The internet phone service at present is influenced, because of intervention of a number of networks each including a computer and a router, by a delay by a load of a server at each node such that it suffers from a delay, unnatural interruption of language, jump of voice and so forth, and it is usually the case that complete communication cannot be achieved. This arises from the fact that the internet is a non-guarantee type network (also called best effort type network) which does not guarantee time and arrival of information.

In order to solve the problem just described, a real time protocol and a reserve protocol which assures a line have been proposed. However, they still fail to guarantee complete communication between parties because a network is used commonly basically by a large number of communicating parties.

While the transmission capacity of the internet itself naturally takes part in a cause of the problem described above, also the compression capacity of voice data takes part in it.

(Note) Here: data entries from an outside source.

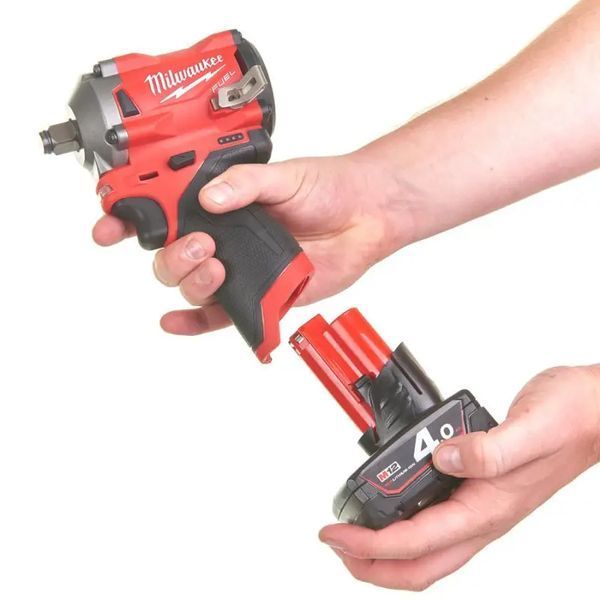 Профессиональный гайкокрут аккумуляторный Milwaukee M12 FIWF12-422X 4933464616 фото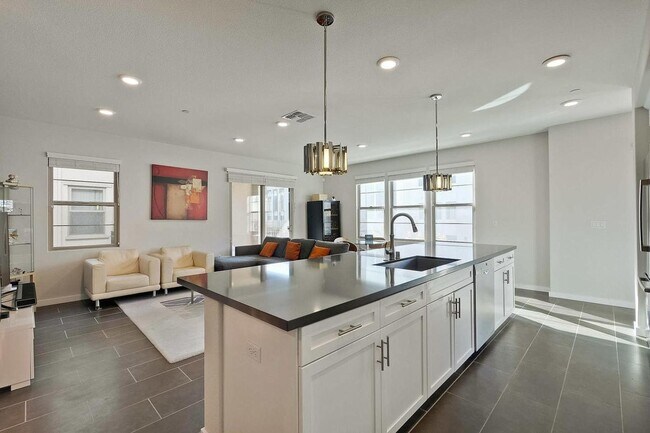 Building Photo - Spacious 4 bedrooms 4.5 bath town home for...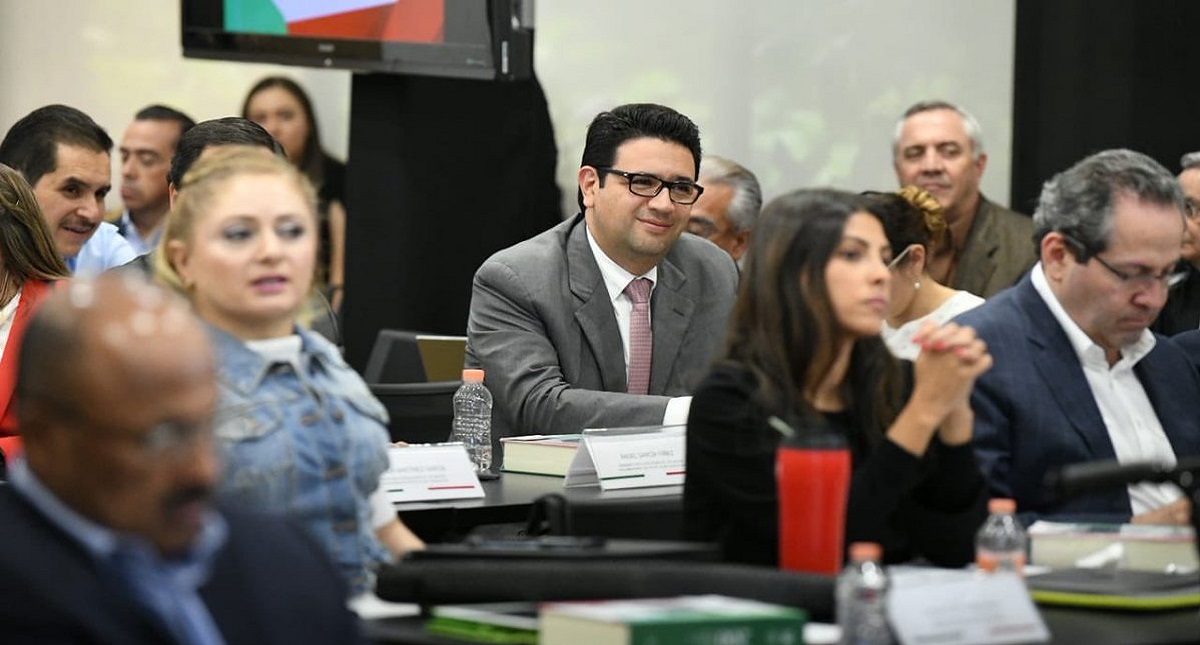 Detienen a senador electo por violencia intrafamiliar - noe-castanon-r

In compression of voice data, if the compression ratio is raised, then the voice quality is deteriorated, but if the compression ratio is suppressed low, then although the voice quality is raised, since an increased band width of the transmission line is consumed, a delay is produced and skipping, jumping or blank of voice occurs. In either case, a desired voice quality cannot be obtained.

One of techniques for sending much voice information in a narrow band is to convert inputted voice of a talking person into character data by a speech recognition technique and transmit the character data to the reception side. Since the information amount of character data is much smaller than that of voice information, the communication delay can be reduced, and besides, any problem involved in speech recognition does not occur. A technique of the type described is disclosed, for example, in Japanese Patent Laid-Open Application No. Heisei 60-136450 or Japanese Patent Laid-Open Application No. Heisei 61-256848.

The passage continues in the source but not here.